These measures also continue to include a number of trade restrictions and limitations on the access to the EU capital markets for major Russian majority state-owned financial institutions and major Russian energy companies.
In particular, in accord with U.S. measures, EU Sanctions Regulations prohibits the sale, supply, transfer or export of products to any person in Russia for oil and natural gas exploration and production in waters deeper than 150 meters, in the offshore area north of the Arctic Circle and for projects to have the potential to produce oil from resources located in shale formations by way of hydraulic fracturing. The provision of associated services (such as drilling or well testing) is also prohibited, whilst authorization must be sought for the provision technical assistance, brokering services and financing relating to the above.
The trade of dual-use goods and technology is also restricted to the extent that it is prohibited to sell dual-use goods and technology for the Russian military users and prior authorization must be sought for the sale of such good and technology for all non-military users in Russia.
The provision of goods and technology listed in the Common Military List is prohibited, while the supply of certain fuels used for rockets and space technology is subject to prior authorization.
Note that there are exceptions for certain contracts concluded before 2014, ancillary contracts necessary for the execution of contracts concluded before 2014, and when the provision of services is necessary to prevent an event likely to significantly impact human health.
In addition, assets for certain natural and legal persons have been frozen, and member states may only authorize the release of certain frozen funds or economic resources to satisfy the persons and their dependents’ basic needs, for payment of reasonable professional fees, for payment for contracts concluded before the sanction and for claims secured to an arbitral decision rendered prior to the sanction.
Statements made by the EU and the responsible German authority clearly indicated the importance of EU sanctions and their implementation.
Unlike with the DPRK sanctions, the continuation of Russian sanctions continues to threaten dissent among some of the EU’s members. Time will tell if this dissenting bloc will eventually coalesce around a shared position and formally prevent the EU from continuing any measures against Moscow.
As the EU still does not recognize the annexation of Crimea and Sevastopol by Russia, it imposes sanctions against these territories as Ukrainian territory.
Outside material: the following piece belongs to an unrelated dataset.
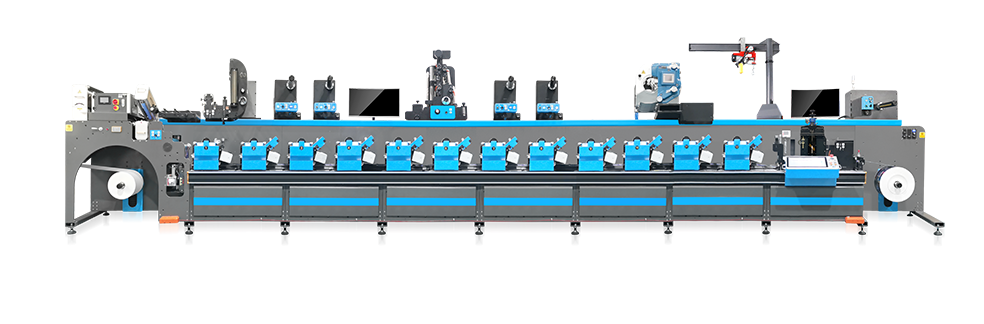 флексографская печатная машина Hyde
The measures, which include an import ban on goods from Crimea and Sevastopol, restrictions on trade and investment relating to a wide variety of economic sectors and infrastructure projects, as well as an export ban for certain goods and technologies relating to the transport, telecommunication, energy and mineral resources sectors have been extended until June 23, 2018. These restrictions are nearly identical to those in place in the United States.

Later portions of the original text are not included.